--- START ---

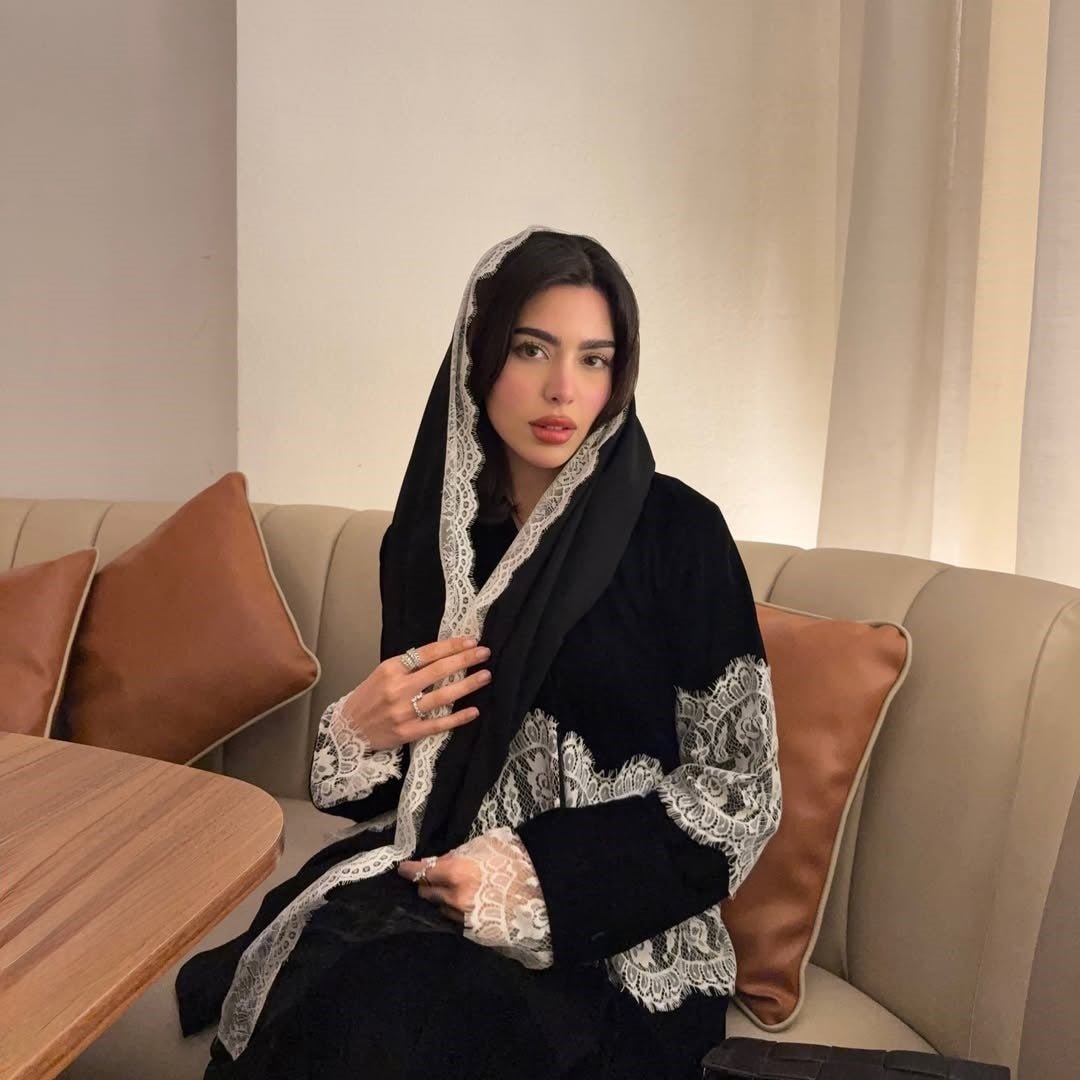 Lace Panel Open Abaya & Hijab Set(MOA319) - Mariam's Collection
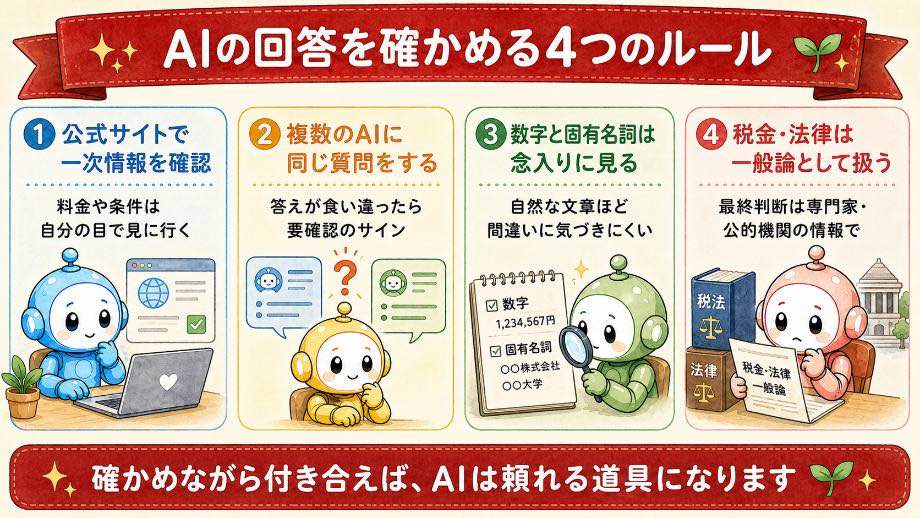 AIの回答を確かめる4つのルール:①公式サイトで一次情報を確認 ②複数のAIに同じ質問をする ③数字と固有名詞は念入りに見る ④税金・法律は一般論として扱う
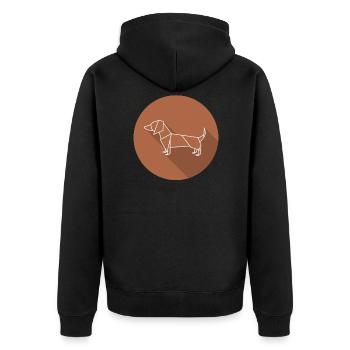 dackel - Unisex Premium Bio Zip Hoodie - Schwarz - Hinten - Nico (187cm)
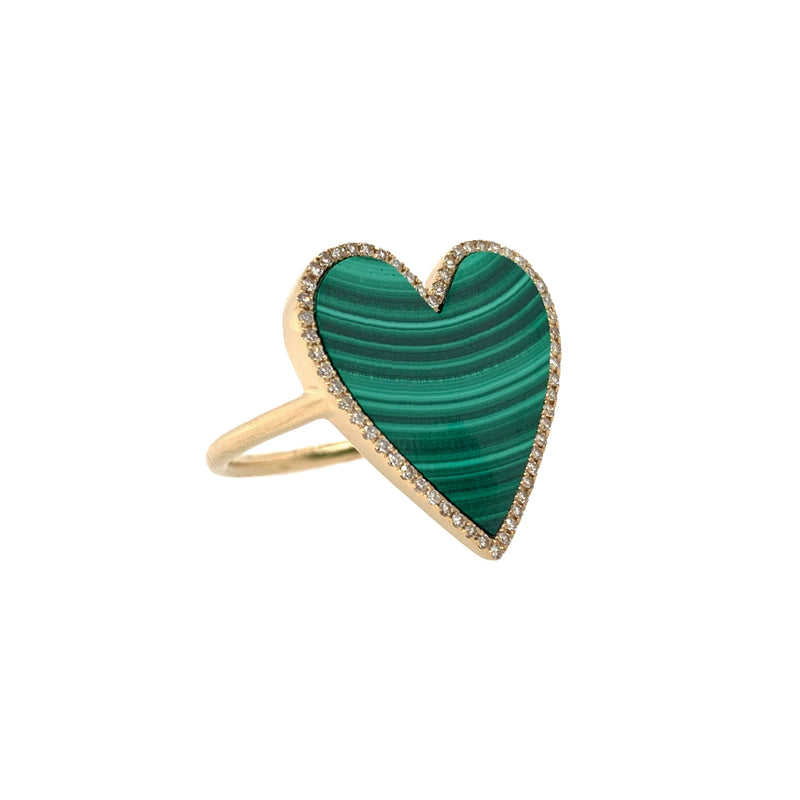 Malachite & Diamond Heart Ring
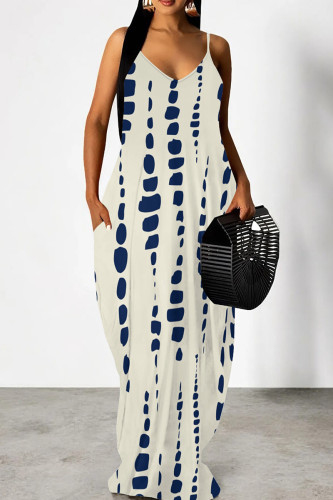 Tibetan Blue Casual Print Patchwork Backless Spaghetti Strap Sling Dresses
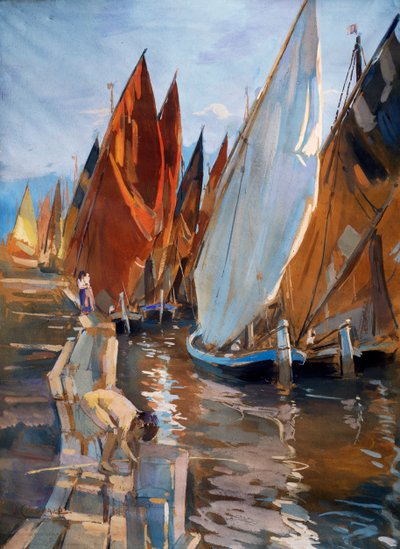 Adriatiska segelbåtar, av Umberto Coromaldi (1870-1948). Italien, 1900-talet. av Umberto Coromaldi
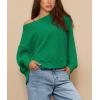 imagePRETTYGARDEN Womens 2024 Fall Oversized Crewneck Sweatshirts Casual Long Sleeve Pullover Waffle Knit Shirts TopGreen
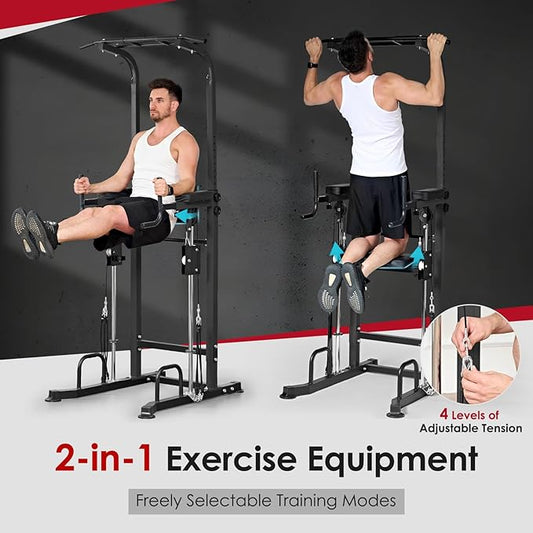 SogesPower Power Tower Dip Station Pull Up Bar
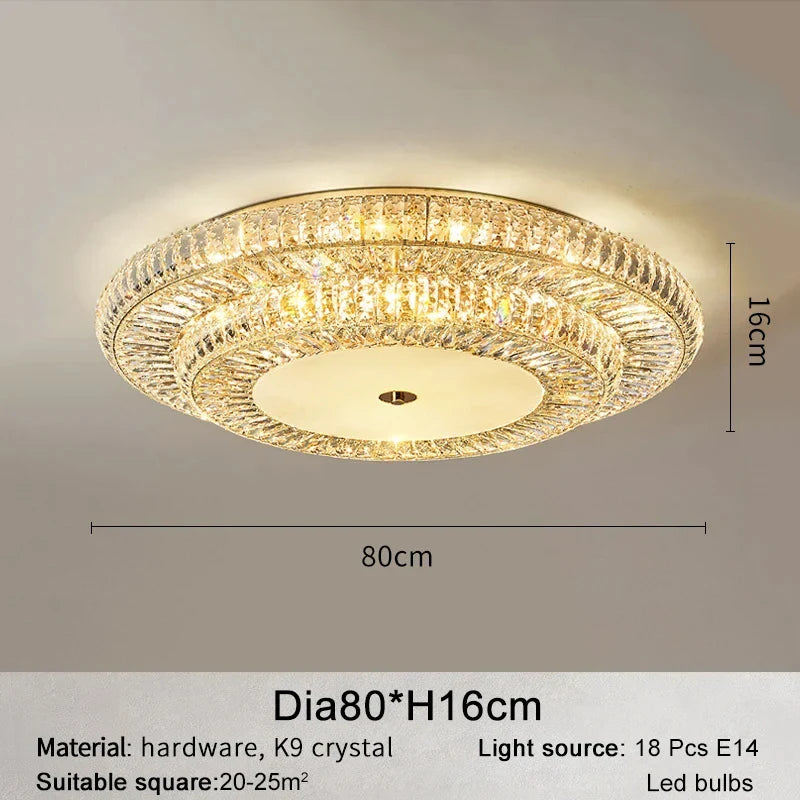 Afralia™ Golden Crystal Ceiling Chandelier | Luxury Living Room LED Light Fixture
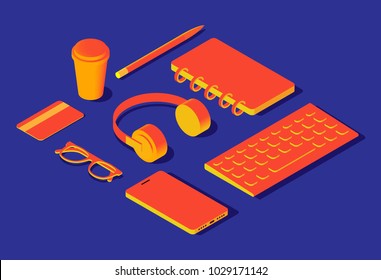 Isometric colorful yellow orange 3d object flat icons: credit card, headphones, coffee cup, pen, pencil, glasses, keyboard, smartphone, notebook lying on blue table 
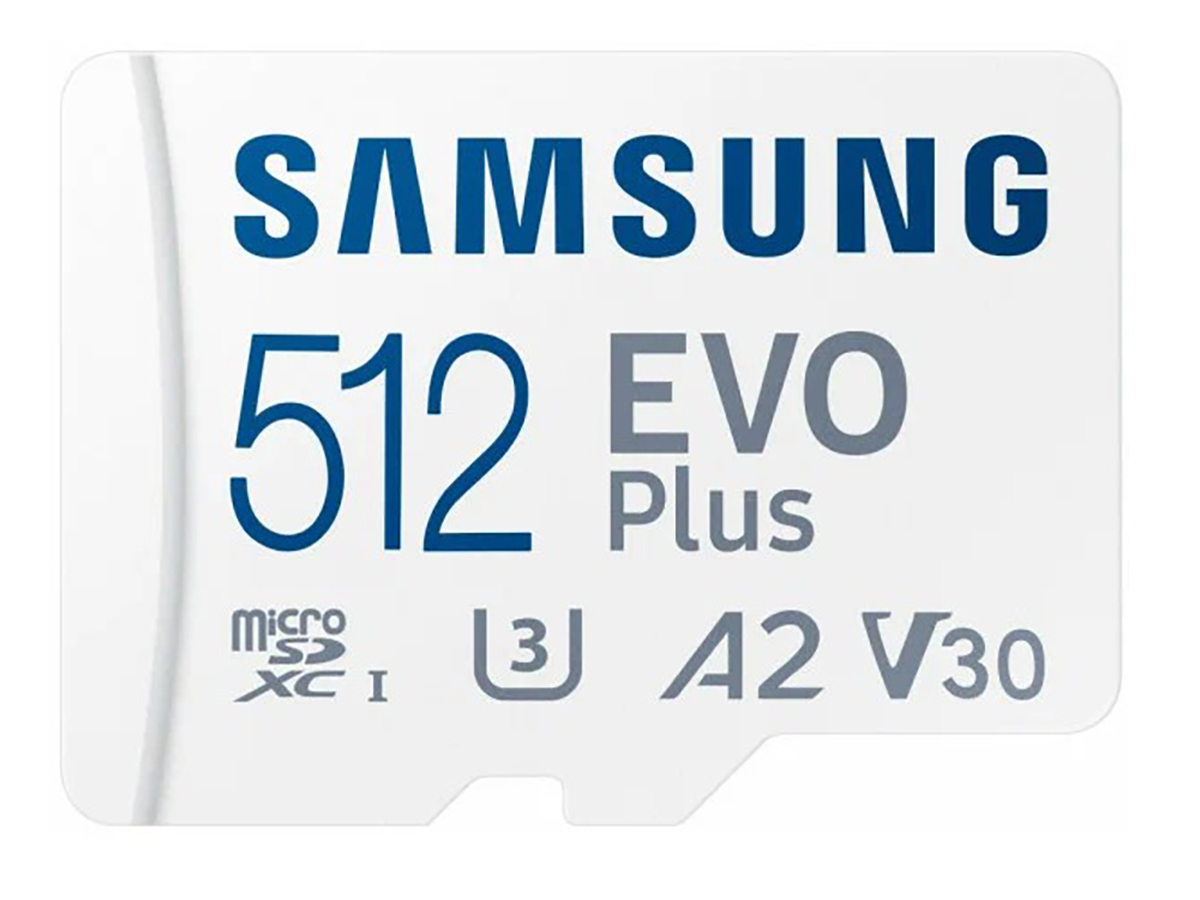  Карта памяти Samsung microSDXC 512GB EVO PLUS microSDXC Class 10 UHS-I, U3 + SD адаптер MB-MC512KA/KR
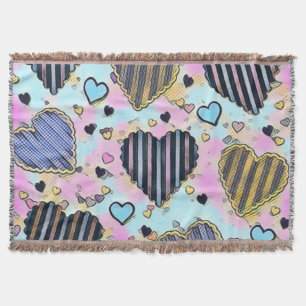 Whimsical cute hearts colourful drawing   throw blanket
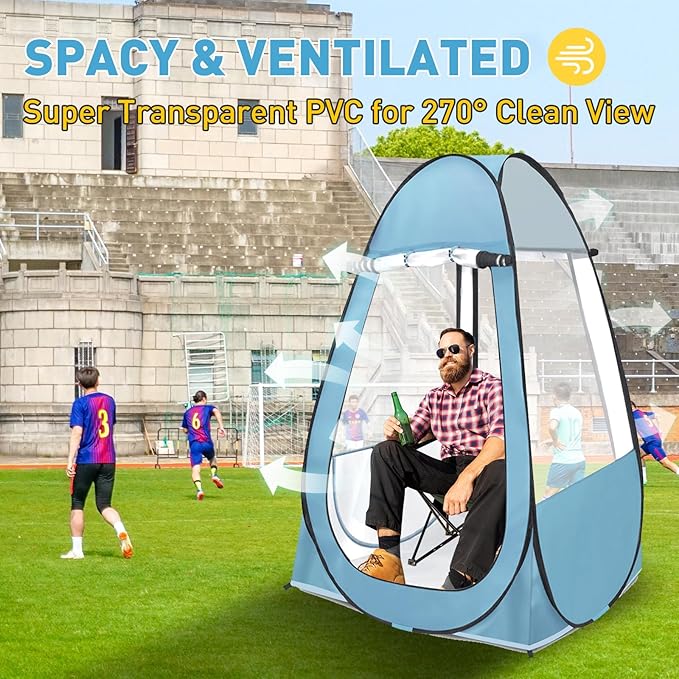 Pop Up Tent Clear Outdoor Tents Sports Fishing Rainproof and Windproof Beach Camping Lightweight and Sturdy Easy Set Up UPF 50+ Portable Folding 39 x 64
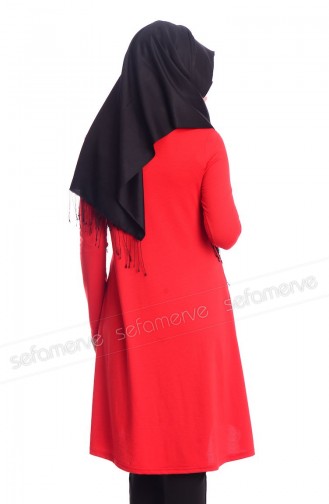 Tesettür Tunik 4994-05 Kırmızı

--- END ---

#### [WHAT TO WORK ON]
Using the records above, print exactly the lines between the ones containing "dackel - Unisex" and "imagePRETTYGARDEN Womens 2024", inclusive, and nothing else; no pictures.

#### [YOUR RESPONSE]
 dackel - Unisex Premium Bio Zip Hoodie - Schwarz - Hinten - Nico (187cm)
 Malachite & Diamond Heart Ring
 Tibetan Blue Casual Print Patchwork Backless Spaghetti Strap Sling Dresses
 Adriatiska segelbåtar, av Umberto Coromaldi (1870-1948). Italien, 1900-talet. av Umberto Coromaldi
 imagePRETTYGARDEN Womens 2024 Fall Oversized Crewneck Sweatshirts Casual Long Sleeve Pullover Waffle Knit Shirts TopGreen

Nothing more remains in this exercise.